Because on that night, as my hopes and prayers filled the sky and I thought I'd been given a sign that all would work out...I was just being set up for another fucking. And part of my heart disintegrated, once I finally caught on.

So maybe that is why I go to Point Dume whenever I can -- to remind the fates that I'm still here...and I'll never be there...and ask them if they're proud.

Tuesday, September 2, 2014

Jake's getting antsy...

He's ready to start having fun with OT, again. Maybe lots of fun. Lot more fun than I planned on. Way more. Dunno what's going on here, but this is the first time he's let me see him laughing. I think he's finally caught on that the whole situation in Palm Springs is too ludicrous to be taken seriously.

Or...maybe he doesn't want to be a tragic muse, after all. Problem is, my grasp of humor is questionable, at best. I can do a sort of wit and jokey dialogue, but actually being funny? The feedback is usually, "Keep your day job."

Of course, there's no way OT will be a comedy. But it never hurts to add a bit of levity. Who was it who said, "Comedy is tragedy taken to its logical extreme"? Did anybody? Have I coined a saying?

All I know for certain is, it wasn't Shakespeare, Milton or Marlowe.

Monday, September 1, 2014

Packing books, again...

I'm dealing with a library that has not been moved, dusted or cleaned in what looks like decades...and it's distressing.

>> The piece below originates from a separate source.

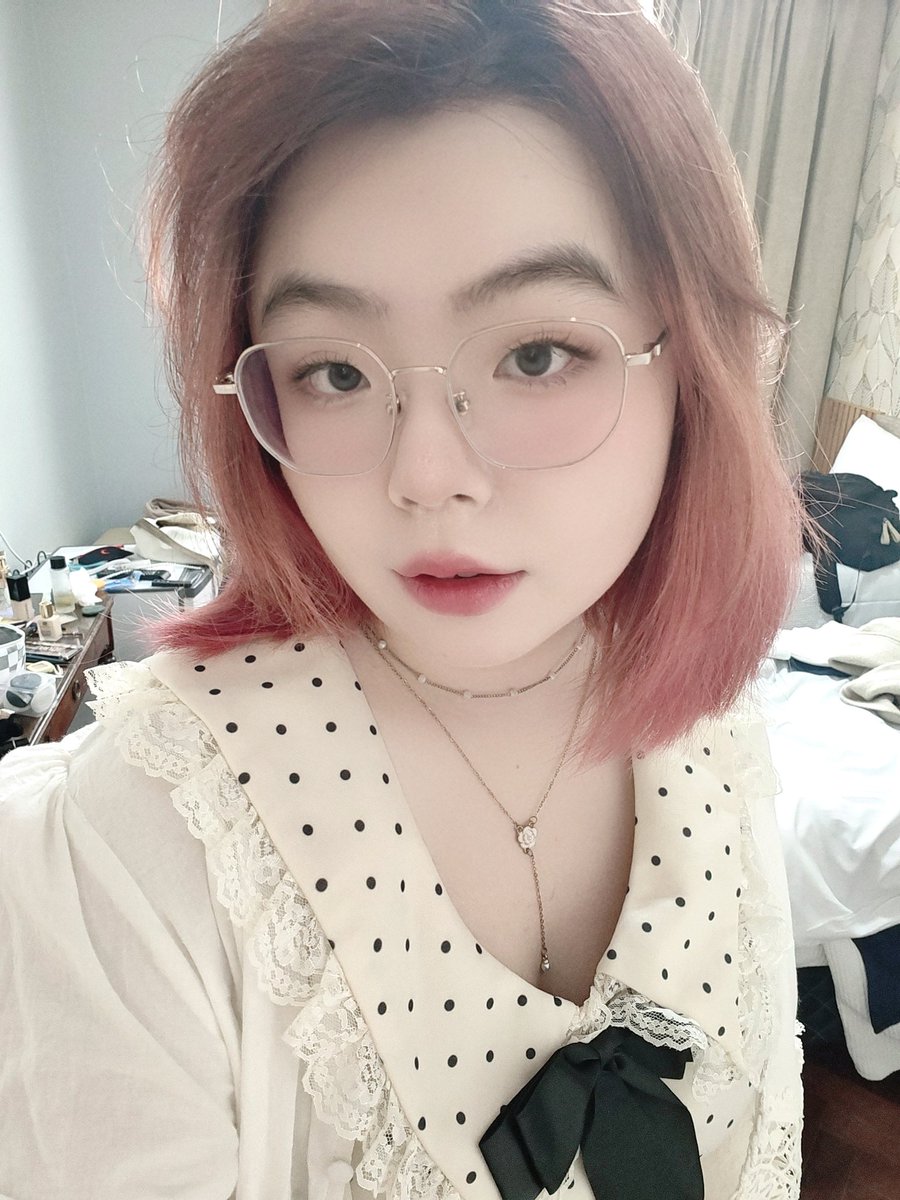 Gmloveee's tweet photo. 上班丑关我下班什么事 https://t.co/nVnlPxa63S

We're talking about books from as early as the mid-Eighteenth Century to modern volumes, some of them truly wonderful. But they had a problem with mice/rats and roaches...and the tell-tale signs are everywhere -- from droppings and trails to wheat-paste bindings and acid-free pages eaten away. That's what's so distressing. Many of the books are completely ruined, though parts might be salvageable if rebound.

It hurts me to see books in this condition. I understand why this happened; the owner's been unable to get about for some time now, and it seems no one else had really thought about checking the back rooms, where the worst of this was. But still...

They did bomb the place about a year ago and that appears to have driven most of the critters out, if not all. Now everything is getting packed and the new owners of these books will determine what next to do. I'm just working on one portion of the library, which may be the worst area.

I'm reminded of a library of books on magic and games that we packed up for Heritage Book Shop a few months before the owners announced the store would be liquidating...7 years ago. That man had stacks of books all over his 2-bedroom apartment. 12-15,000 of them piled into a maze that only someone skinny could get through. Wasn't easy for me, in parts.

For that, we used 230 banker's boxes, and it took me and another guy four days to complete the job. It wasn't far from the shop so I rented a small U-Haul cube truck to ferry them over, and hired some guys on a street corner to help carry them down from the apartment and upstairs into the store.

Turned out this man was an obsessive compulsive, who had dozens of bottles of cleansers and bags of soap and toilet paper and paper towels and cans of soup...and we had to clear everything out...but aside from the dust, the place was clean. We gave a lot of stuff away.

That library wound up going to a museum, and I didn't have to buy paper towels for the shop till it closed, nearly a year later.